Friday 24 May 2013

Surat untuk Ayah


-24 Mei-

Tanggal dimana semua  berubah, berubah total. Hari dimana untuk pertama kalinya aku merasa kehilangan satu hal yang amat sangat berharga. Hari dimana setelah hari itu terlewati aku merasa ada sesuatu yang hilang.

Yah,
DULU. Ayah yang mengajariku untuk mengerti dan memahami ada yang lingkungan sekitar. Mengantarku ke sekolah juga mengambil nilai. Dengan bangga aku menggandeng ayah ke kelas dan dengan bangga pula akan prestasiku ayah menunjukkan nilai itu. Ayah satu sosok imam yang menjadi panutanku. Bahkan untuk beberapa tahun aku hanya tidur berdua dengan ayah. Itu adalah kenangan terindah denganmu yah

Namun, aku hanyalah sosok labil yang waktu itu tak pernah menyadari arti hadirmu.

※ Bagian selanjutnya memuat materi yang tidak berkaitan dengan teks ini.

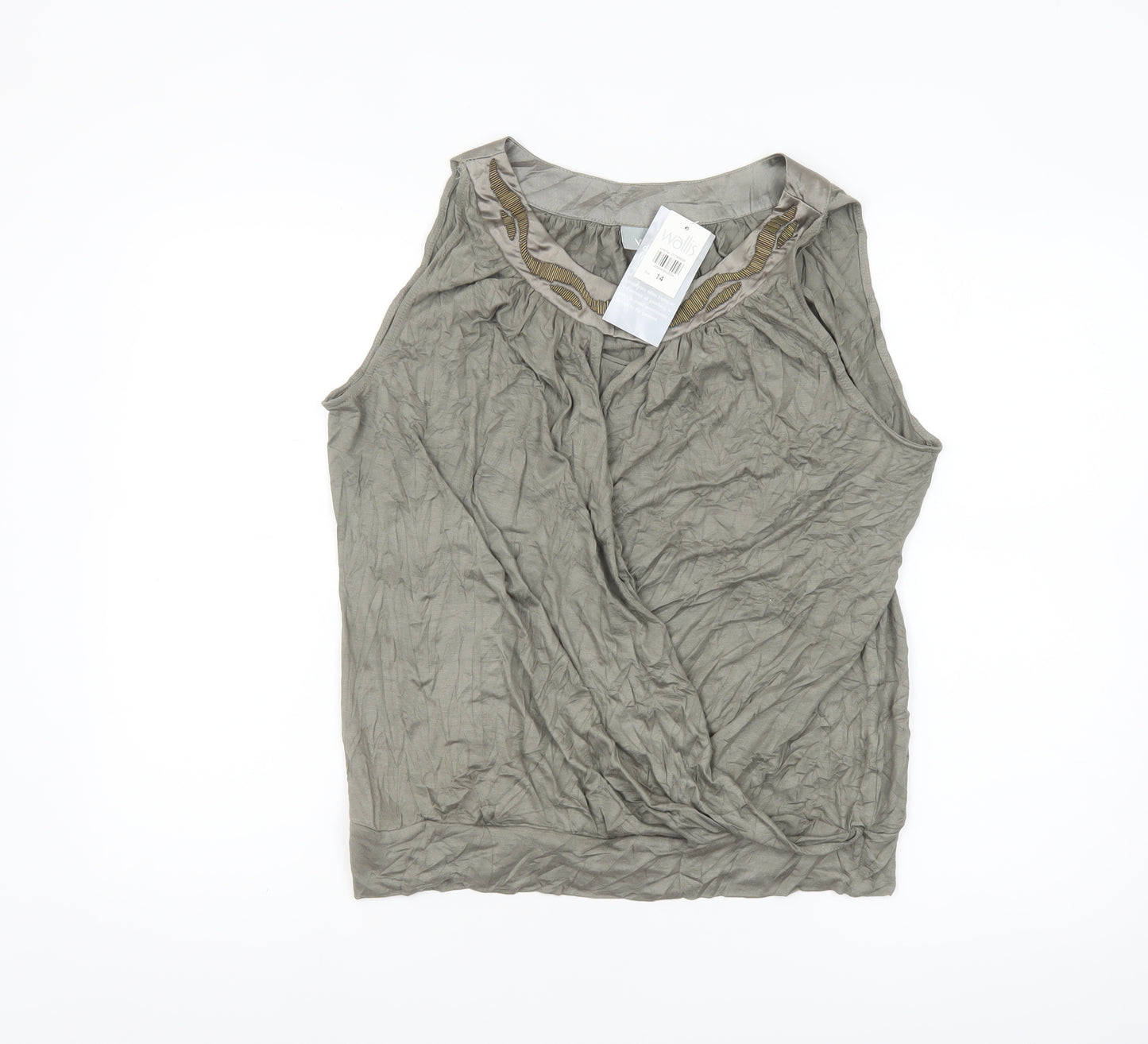 Wallis Women’s Grey Sleeveless Tunic Blouse Size 14 Viscose Blend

Yang hanya bisa mengeluh dan membandingkan ayah dengan sosok lain. Aku iri dengan orang lain yang mempunyai ayah hebat. Bahkan aku menganggap mereka ayahku juga ketika hujan deras mengantar kami ke sekolah. Satu kekecewaan yang mampu menutupi apa yang ada pada ayah.

Yah,
Saat aku kehilanganmu barulah aku menyadari arti penting kehadiranmu. Betapa ayah menyayangiku walau dengan rasa acuh itu. Pernah suatu hari hanya karena egoku yang memuncak, Tak ingin berangkat ke sekolah , cengeng karena tak ada teman yang bisa membimbingku untuk menyeberang jalan. Namun akhirnya ayah mengantarkan ke sekolah sampai jalan raya. Dan akhirnya bertemu ibu yang menenangkanku. LABIL, dan baru aku tahu esoknya ternyata ayah waktu itu mengikutiku dari belakang tak hanya sampai jalan raya itu tetapi sampai sekolah. Memastikan aku baik baik saja sampai sekolah. Sekali lagi yah tanpa ku minta dan aku tak kan pernah tau kalau ibu tak mengatakannya.

Yah,
Masih teringat sangat jelas saat aku mengungkapkan kekecewaan saat ayah dan semuanya justru keluar kota beberapa hari dan meninggalkan aku hanya dengan kakak saat ujian. Terabaikan dan itulah yang aku rasakan saat itu. Masih teringat sangat jelas saat ayah justru pergi ke luar kota saat itu musibah datang. Lagi hanya dengan kakak. Aku hanyalah anak kecil yang tak tau dan tak mau tau apa yang terjadi. Kecewa.. rasa itulah yang membuncah ada di dalam hati. Terlalu kecewa atas apa yang ayah lakukan.

Yah,
Semua kebaikan ayah tertutupi oleh kekecewaan itu.  Kini yang tersisa hanyalah rasa sesal yang membuat sesak di dada. Ketika ayah sakit dengan egoisnya aku masih berfikir yang tidak tidak. Suudzon atas apa yang terjadi. Saat yasinan waktu itu malah dengan tololnya aku mengatakan kalau ayah mengada ada. Aku menyesal yah, tapi penyesalan itu selalu datang terlambat.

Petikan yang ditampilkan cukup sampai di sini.